Instructions for the task: Beneath this line is the data. Output exactly the lines from the line with "um Zukunft der" to the line with "Ліхтар задній правий, зовнішній", both ends included, and nothing more.

Data section:
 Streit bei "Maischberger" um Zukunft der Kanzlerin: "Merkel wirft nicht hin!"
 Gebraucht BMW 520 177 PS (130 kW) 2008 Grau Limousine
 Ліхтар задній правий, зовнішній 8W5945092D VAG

---

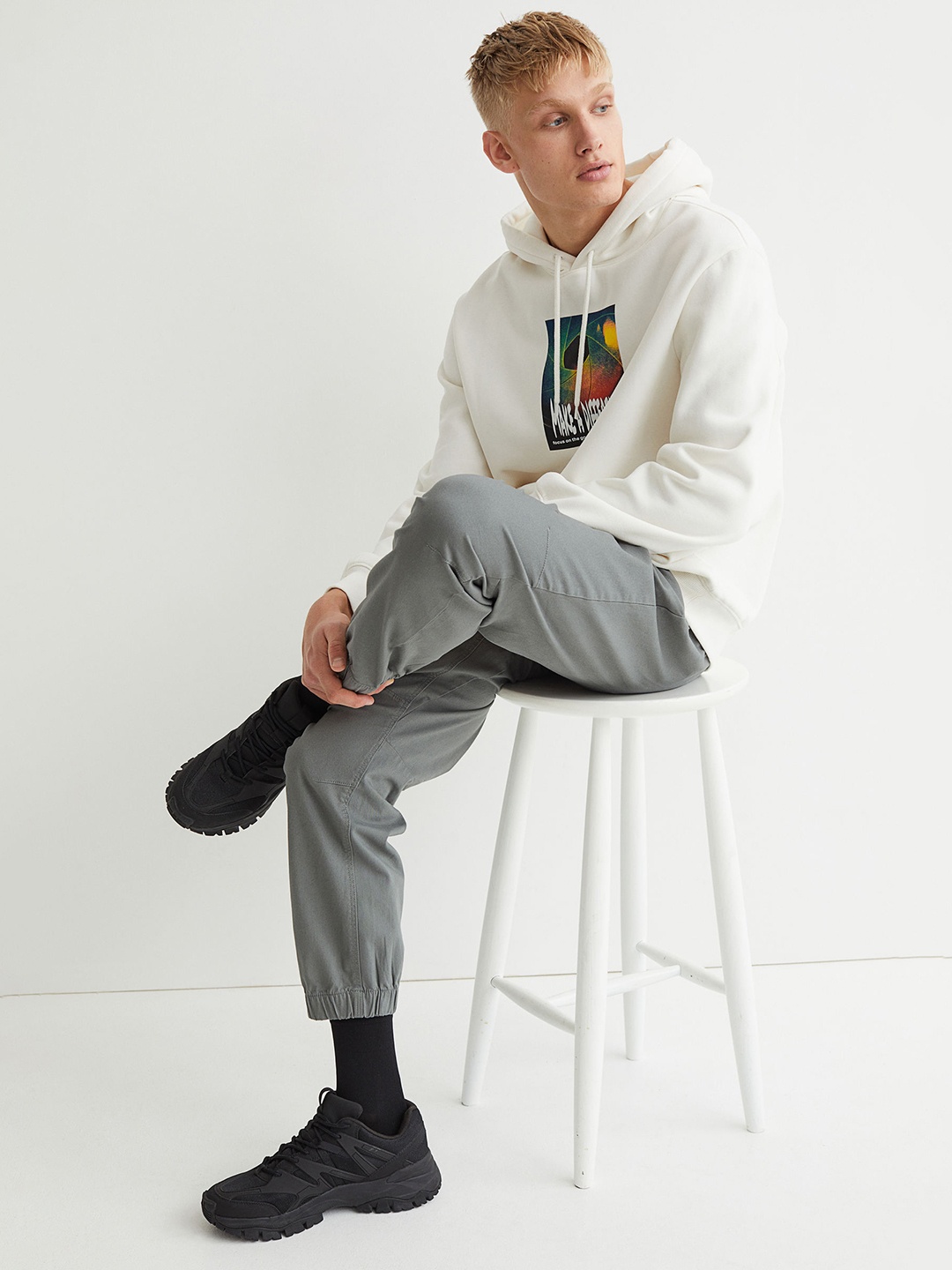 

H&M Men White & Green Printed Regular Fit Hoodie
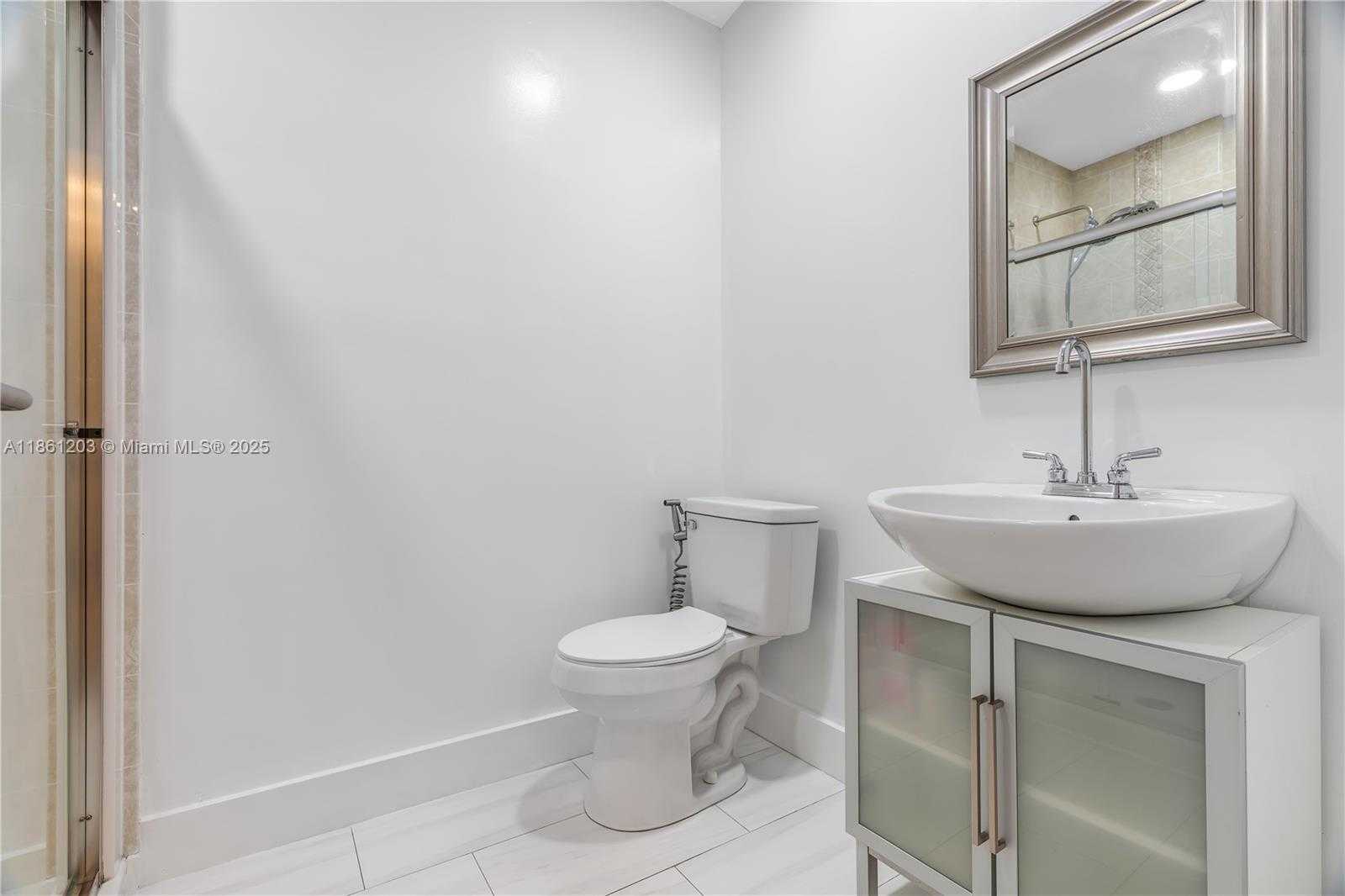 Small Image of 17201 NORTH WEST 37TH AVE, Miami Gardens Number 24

Answer to this task:
 Streit bei "Maischberger" um Zukunft der Kanzlerin: "Merkel wirft nicht hin!"
 Gebraucht BMW 520 177 PS (130 kW) 2008 Grau Limousine
 Ліхтар задній правий, зовнішній 8W5945092D VAG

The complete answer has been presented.